Take for example the new view of “separate but equal” that is being debated in New York right now, and even the language used to describe the controversy conveys the bias: “The Ground Zero Mosque.”
First, the flaws in the argument:
1) It’s not a Mosque; it’s an Islamic Cultural center.
2) It’s not on “ground zero” (which is an odd term to begin with) it’s two blocks from where the world trade center used to be on the “hallowed ground” of a closed Burlington Coat Factory store one block from a strip club. (Although the WTC itself was built on a slave grave site, so hallowed ground argument has some weight just not the weight the argument makes)
3) There is absolutely no correlation to this building, or these people to 9/11.
4) There is a similar prayer room at the Pentagon (one of the other 9/11 sights) that no one seems to care to protest.
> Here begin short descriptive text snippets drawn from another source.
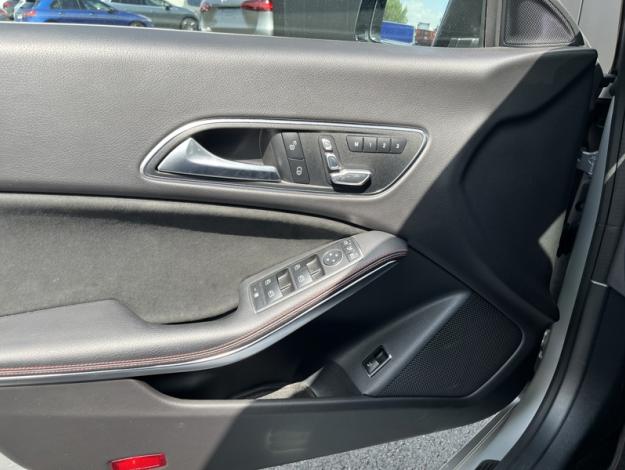 MERCEDES-BENZ CLA Shooting Brake CLA 220 d SB Fascination  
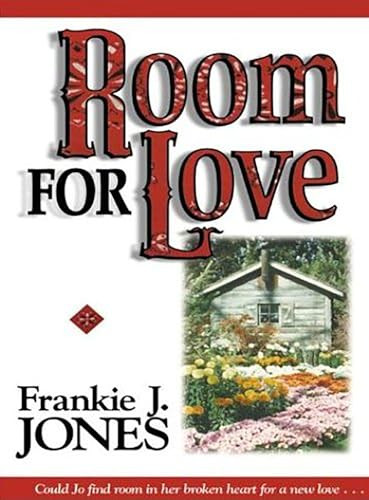 Room For Love - 9780967775395 by Frankie J. Jones, 9780967775395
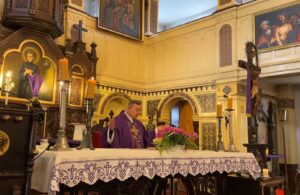 KS Jacek Stasiak kościół św Stanislawa Kostki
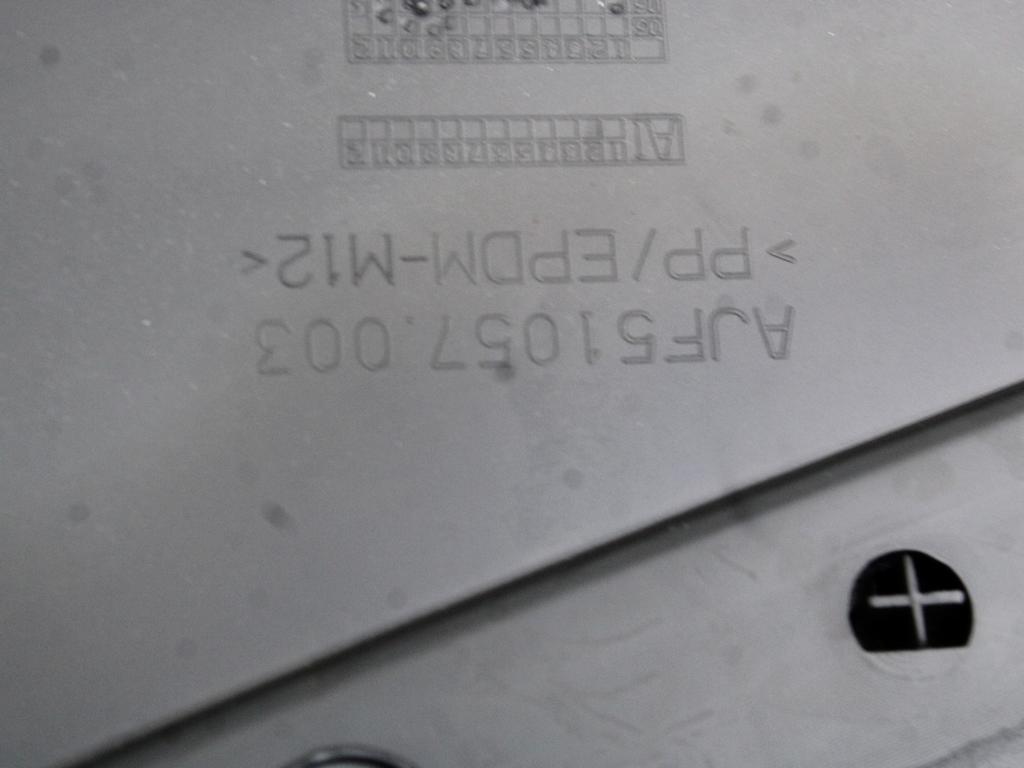 VRATNI PANEL OEM N. PNPSTOPCORSADS07BR5P ORIGINAL REZERVNI DEL OPEL CORSA D R S07 (02/2011 - 2014) BENZINA/GPL LETNIK 2011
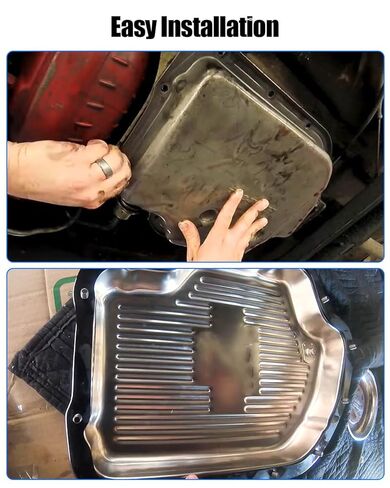 Transmission Oil Pan Gasket Fit for GM Turbo 400 700R4 Moroso 93103 in Saudi Arabia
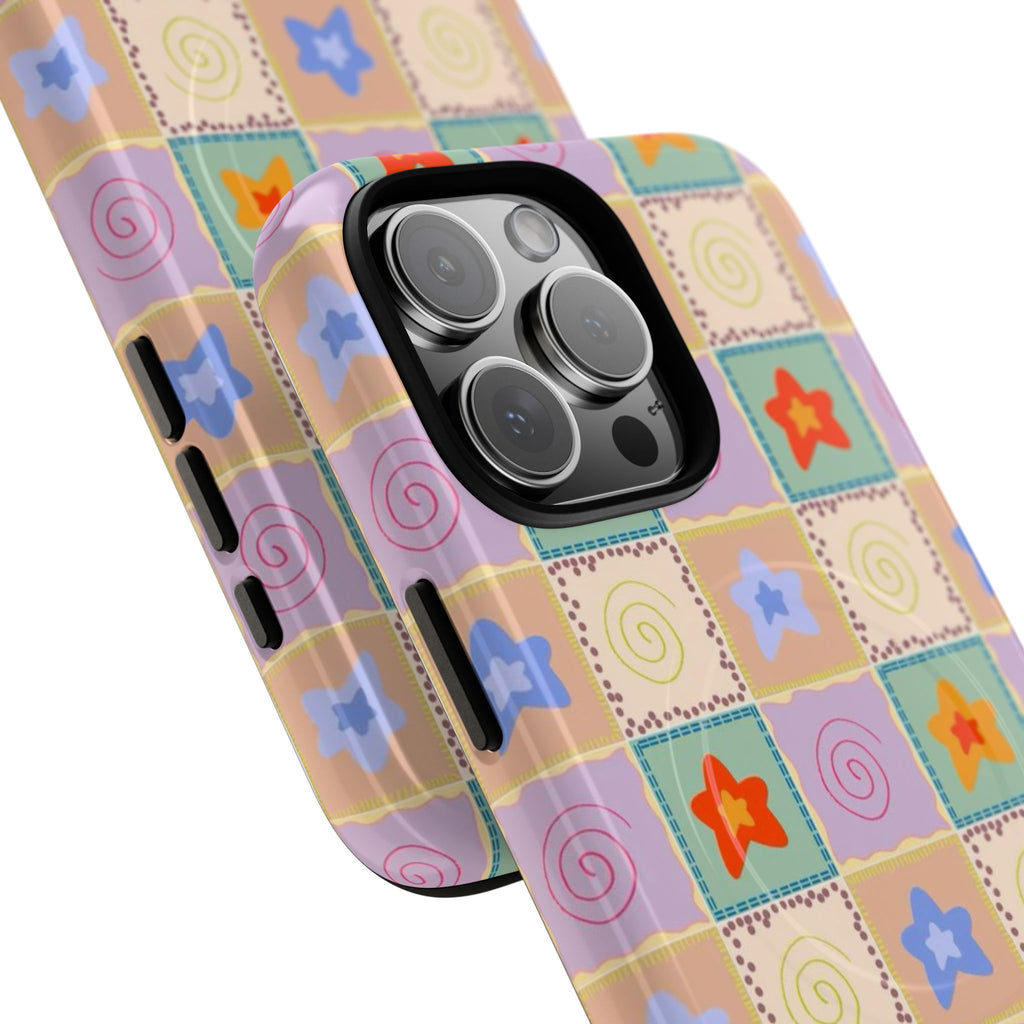 Tough Magnetic Cases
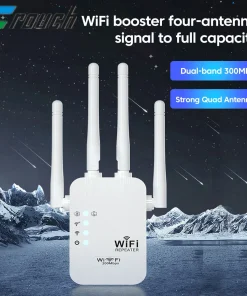 Extensor Wifi Crouch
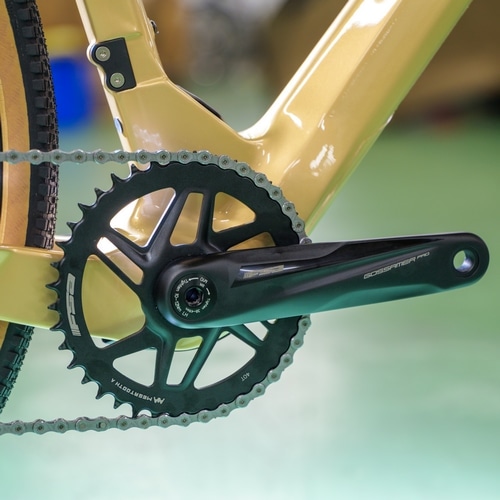 BIANCHI ( ビアンキ ) グラベルロード ARCADEX 海外仕様車 【オンライン専売/直送限定 アウトレット特価車体】 ( アルカデックス ) ゴールド ストーム / ブルーノート グロッシー L ( 身長目安185cm前後 )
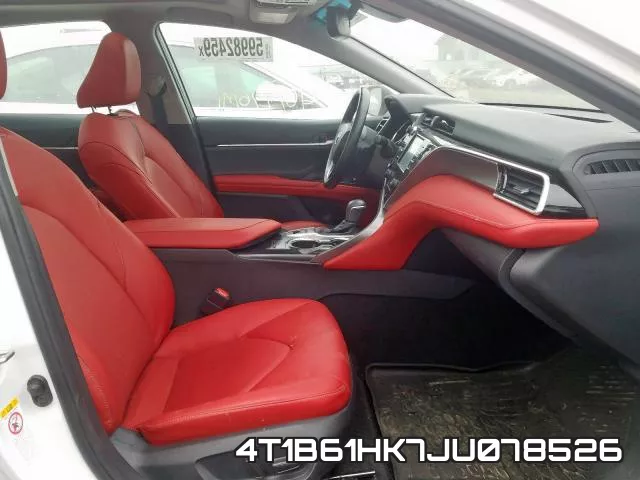 4T1B61HK7JU078526 фото 6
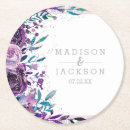 Search for floral wedding coasters Teal
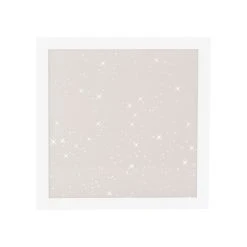 Leuchten Direkt STARRYFLAT LED Panel Wei&szlig;, 1-flammig, Fernbedienung -Bürolampen Verkäufe leuchten direkt starryflat led panel 14760 16 3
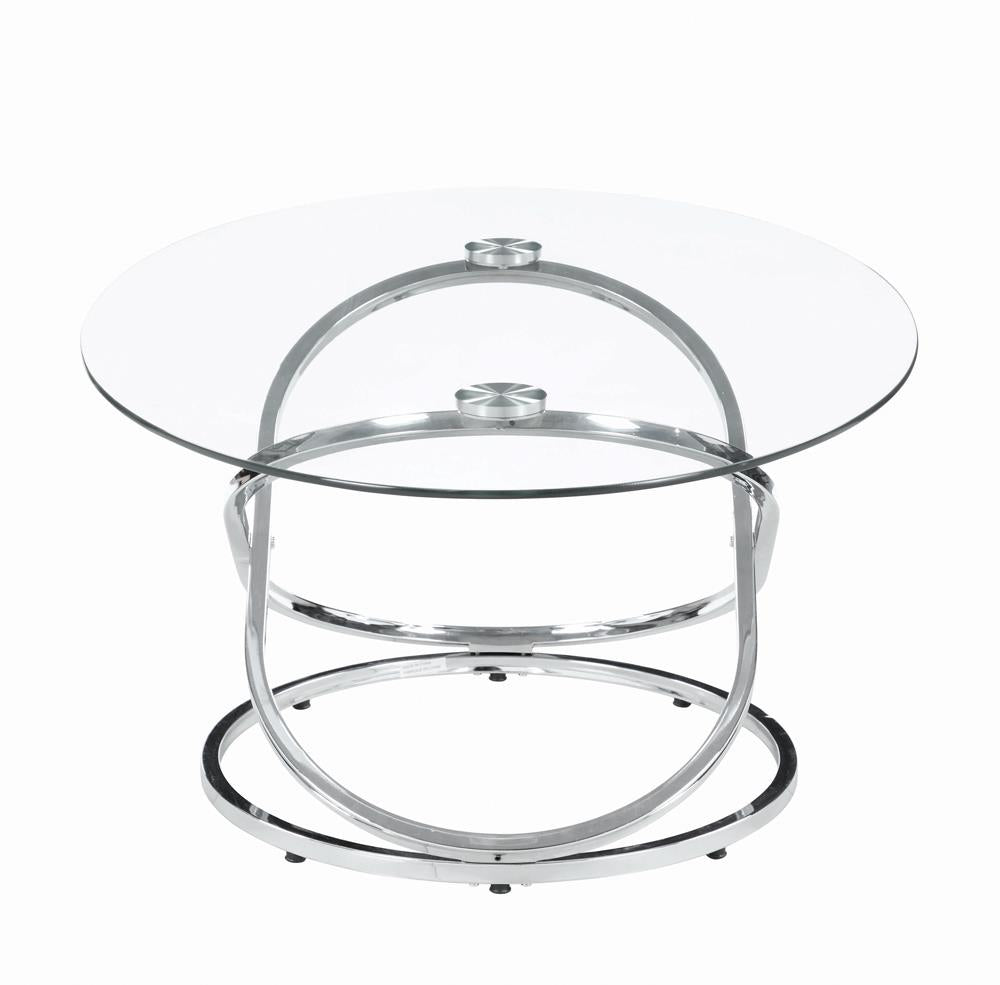 Warren - 3 PC COFFEE TABLE SET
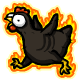 Level 5 Scorched Chicken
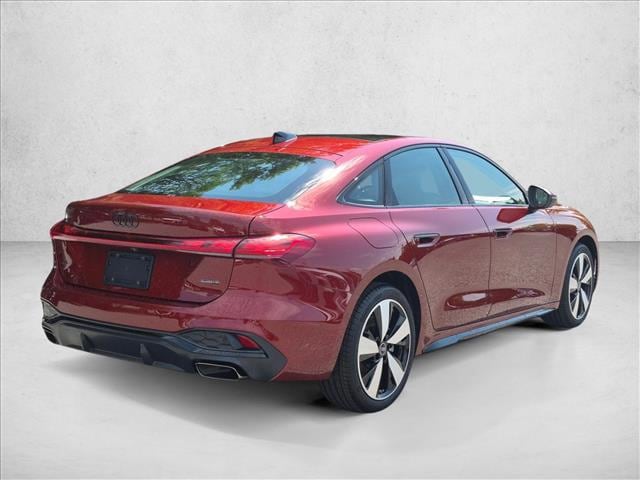 2026 Audi A5 Sedan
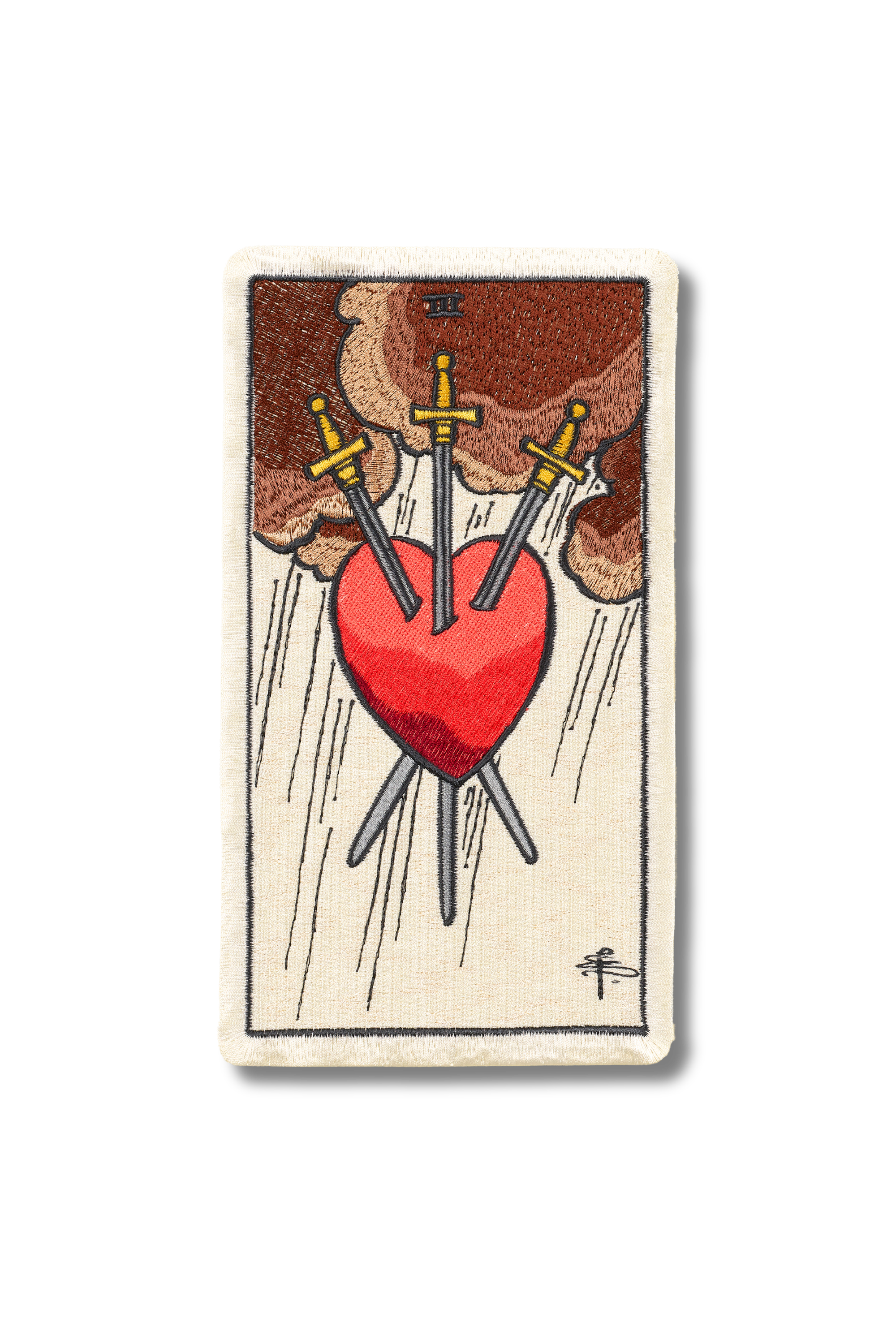 The Three of Swords Patch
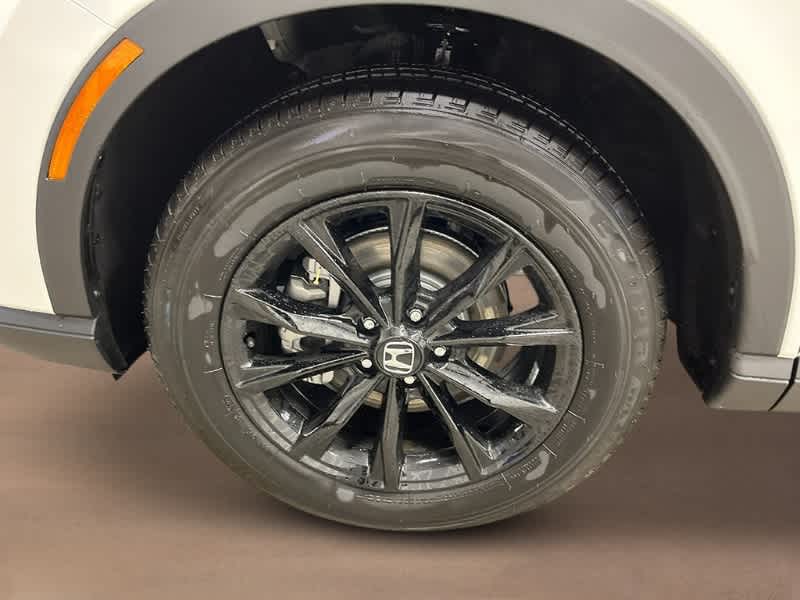 2025 Honda CR-V Sport-L 11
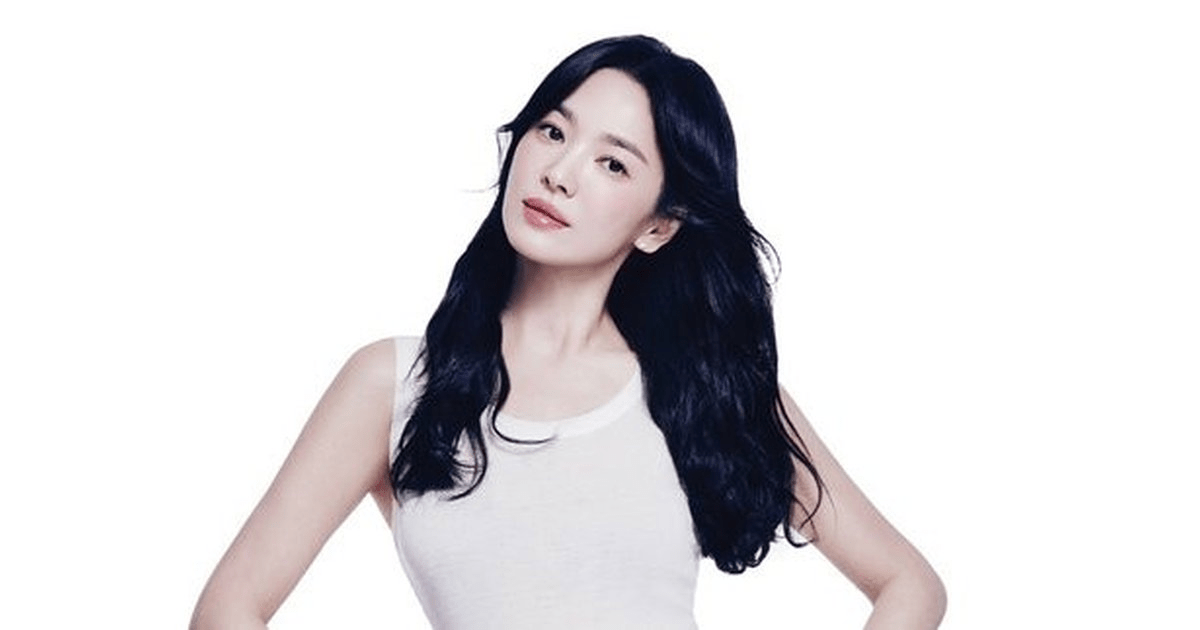 4 Rahasia Awet Muda Song Hye-kyo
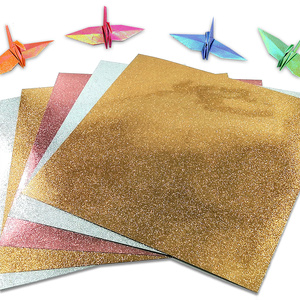 Tấm Giấy Tráng Gương Lấp Lánh Tấm Phản Quang Sổ Lưu Niệm Bìa Giấy Bạc Cho Đồ Dùng Áp Phích Chữ Cái Bìa Cứng Thủ Công - Product Image 6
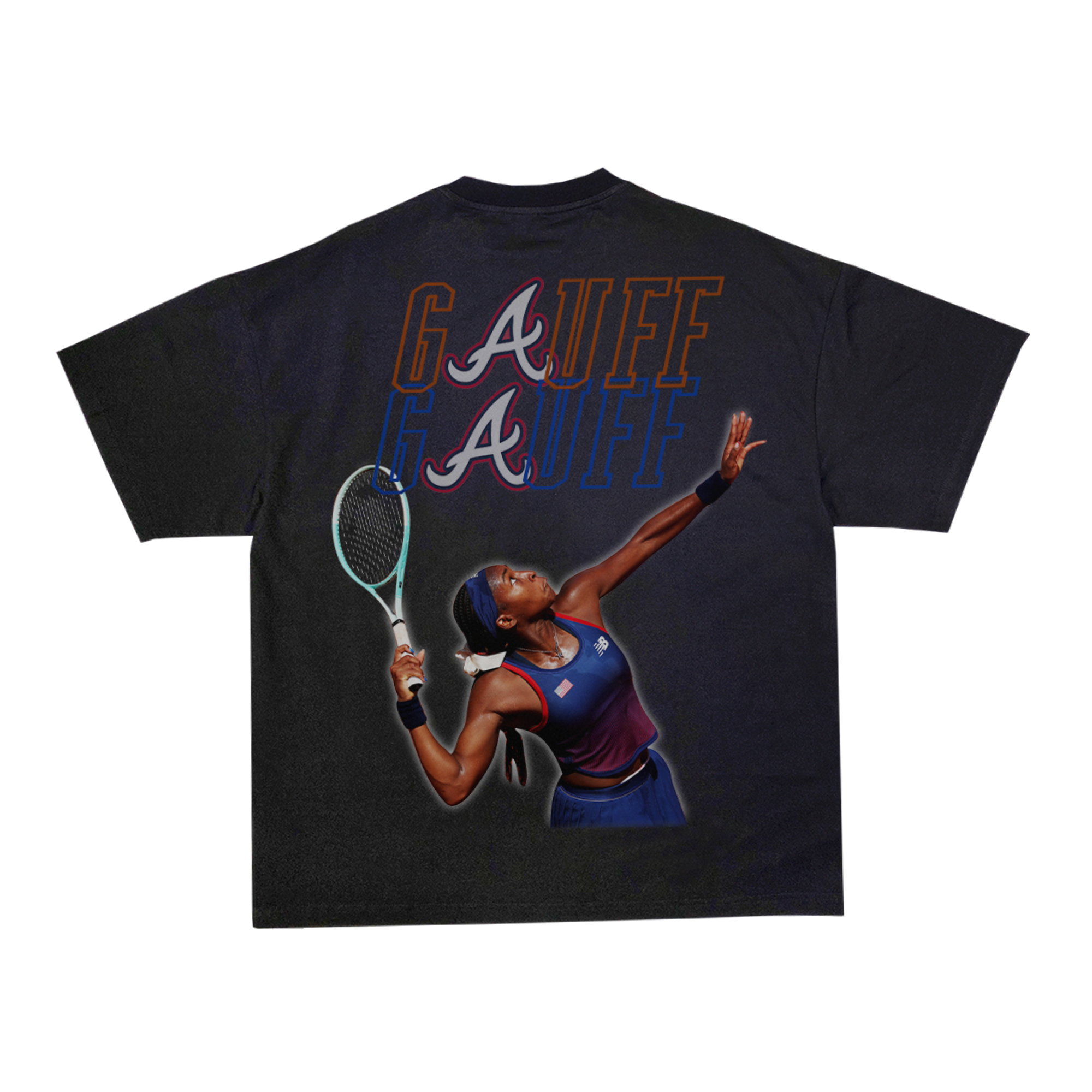 LL404 x SS ‘Coco Gauff’ Tee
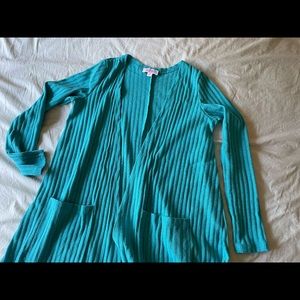 Lularoe Sarah cardigan size xs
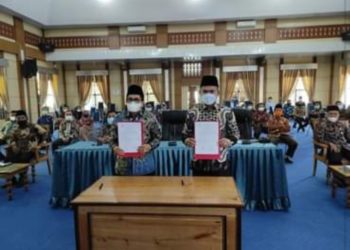 Raih WTP ke Delapan Kalinya, Wako AJB Buktikan Keberhasilan Pengelolaan Keuangan Daerah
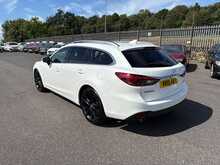 Mazda Mazda6 SKYACTIV-D Sport Nav - U1131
Those protesting the building aren’t simply wrapping themselves in the flag to justify their racist inclinations, they are helping to set a dangerous precedent: politicians (both democrat and republican) are fanning the bigotry for their own ends (many of them are the same people who voted against health care benefits for 9/11 first responders, btw). And everyone is leaving Muslims out of the conversation.
Whether the controversy has been manufactured as an election year tactic or not, the visceral hate and bigotry was all too easy to whip up. We’d like to think that we are a cosmopolitan and progressive city far from the backwoods lynching mentality of the South in the 60s (many comments on recent stories about the 51Park project have tried to dismiss protesters as being from “out of town”), but when you hear of cab drivers getting stabbed because they are Muslim , and a deluge of hate crimes all over the city it’s hard to maintain that bigotry is either a thing or the past or a practice exclusive to those in “fly over states.”
Viewing this community center’s construction as an affront to 9/11 victims (some of whom were of course Muslim themselves) is the equivalent to labeling all black men as criminals after one steals your purse. And proposing that it be built further away is equivalent to building a separate bathroom for the help.
On Sunday night’s episode of Mad Men, cosmopolitan Roger Sterling used his role in WWII to justify his unwillingness to work with the Japanese. He asked, “Since when is forgiveness a better quality than loyalty?” Of course, his internal conflict, just like this one isn’t one of forgiveness, or loyalty. It’s a matter of perspective. Because a country filled with this kind of hate, violence and bigotry is a huge terrorism threat.
Thursday, August 5, 2010
We all saw the images of people floating down dirty flooded streets or sweating, crowded and hungry at the Convention Center in New Orleans, or the people trapped in rubble in Port-au-Prince, but that kind of devastation seems abstract when you are far removed—even though Louisiana is in America, once it’s not on the news everyday it’s not as urgent when you still have food, DVDs and AC and clean sheets.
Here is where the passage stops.